In the film's opening scene, Larry Lapinsky (Lenny Baker), a twenty-two-year-old graduate of Brooklyn College is bidding farewell to his possessive mother (Shelley Winters) and his passive father (Mike Kellin). When he dons a French beret and smiles, we know that Larry is ready for a new life! The unknown awaits him in Greenwich Village — to Larry a place synonymous with freedom and all the wild possibilities every young creative person dreams about.

Yet in an often grim and always affecting way, Larry's experiences in the Village are filled with frustrations. His girl friend Sarah (Ellen Greene) cannot cut the umbilical chord from home and is hesitant to marry him; his mother embarrassingly intrudes upon his life on several momentous occasions, convincing Larry that "she invented the Oedipus Complex"; and his friends begin to drain his energy. They include Anita (Lois Smith), a suicidal actress; Bernstein (Antonio Fargas) who's black and gay and near a nervous breakdown; Robert (Christopher Walken), a Lothario who cynically uses women; and Connie (Dori Brenner), an earth mother friend-to-all who is aching with loneliness. As Larry responds to these individuals, his mother, and his girl, he fashions a kind of declaration of independence which in the end pays off with a trip to Hollywood to appear in a movie.
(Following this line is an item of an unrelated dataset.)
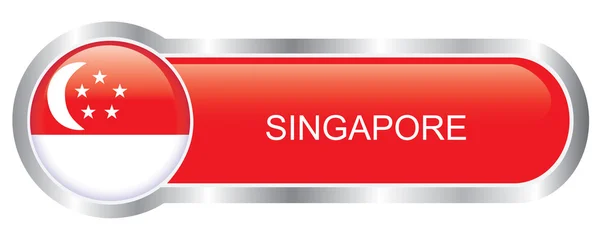 Bendera Singapura mengkilap banner - Stok Vektor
A sensitive humanism shows itself at work in Paul Mazurskys direction of this film. He cares about the people in the Village — about their vocational hopes, sexual confusions, and personal traumas. He is a lover of people and things, one capable — to borrow a line from A Thousand Clowns — of being touched by "the earthly lyricism of hot pastrami, the pungent fantasy of corned beef, pickles, frankfurters, and the great impertinence of good mustard." There is genuine anxiety evidenced in several acting class and actors' audition sequences (along with tart humor). There is an unvarnished reality to some of the scenes dealing with Larry and Sarah's agony over the meaning of their relationship. And throughout, Mazursky gives his actors and actresses leeway to be awkward, frantic, hysterical, and even ludicrous. In their mutual quest for self-fulfillment, these struggling souls wrestle with the demons of self-destruction and are haunted by the omnipresent feeling that they may not have what it takes to be an artist.
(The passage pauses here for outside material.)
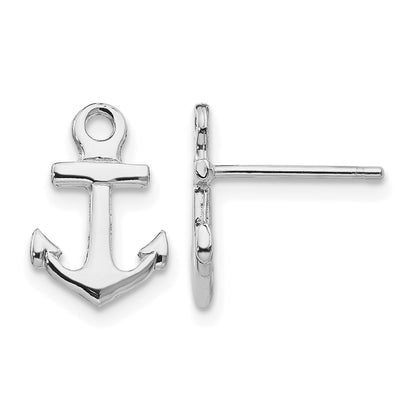 14K White Gold Anchor Post Earrings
Next Stop, Greenwich Village is an ingratiating puppy dog of a movie with its tail wagging and its ears flapping affectionately. Mazursky's humanism at times becomes a little too gooey but it still manages to remain durable. He has drawn out excellent performances from Baker and Greene as the young lovers. Both the place and the people are believable — confirming once again this director's knack for making movies that matter because they are so richly human.